DATASET RECORDS:
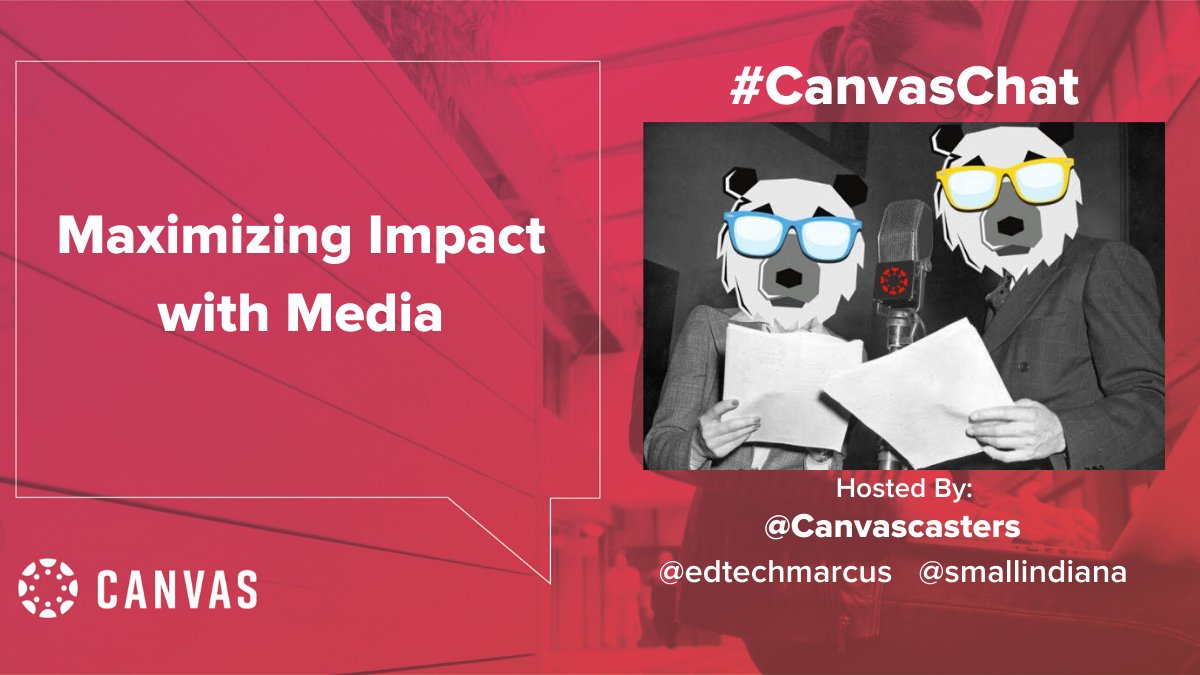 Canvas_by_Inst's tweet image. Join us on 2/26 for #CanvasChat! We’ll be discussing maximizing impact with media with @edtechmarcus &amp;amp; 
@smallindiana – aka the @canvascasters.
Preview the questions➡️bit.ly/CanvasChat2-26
==
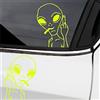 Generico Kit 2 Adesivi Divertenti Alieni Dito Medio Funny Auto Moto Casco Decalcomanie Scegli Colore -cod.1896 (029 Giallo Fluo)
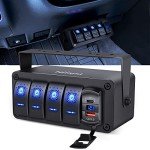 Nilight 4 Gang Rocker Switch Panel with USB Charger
---
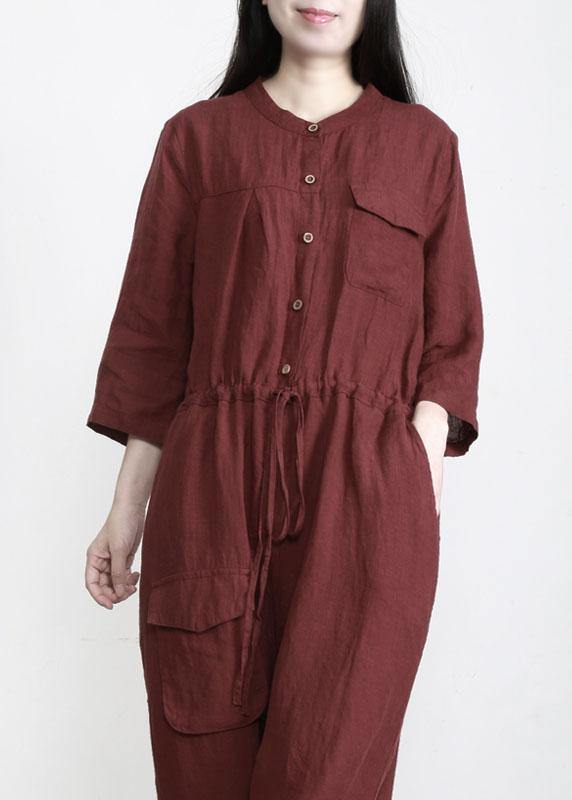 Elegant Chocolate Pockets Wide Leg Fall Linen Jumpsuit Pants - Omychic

WORK REQUEST:
Look above for the line with "Canvas_by_Inst's tweet image." and the line with "Preview the questions➡️bit.ly/CanvasChat2-26". Give again exactly those two lines and all lines between them, pictures excluded.

ANSWER FOR THIS EXERCISE:
 Canvas_by_Inst's tweet image. Join us on 2/26 for #CanvasChat! We’ll be discussing maximizing impact with media with @edtechmarcus &amp;amp; 
@smallindiana – aka the @canvascasters.
Preview the questions➡️bit.ly/CanvasChat2-26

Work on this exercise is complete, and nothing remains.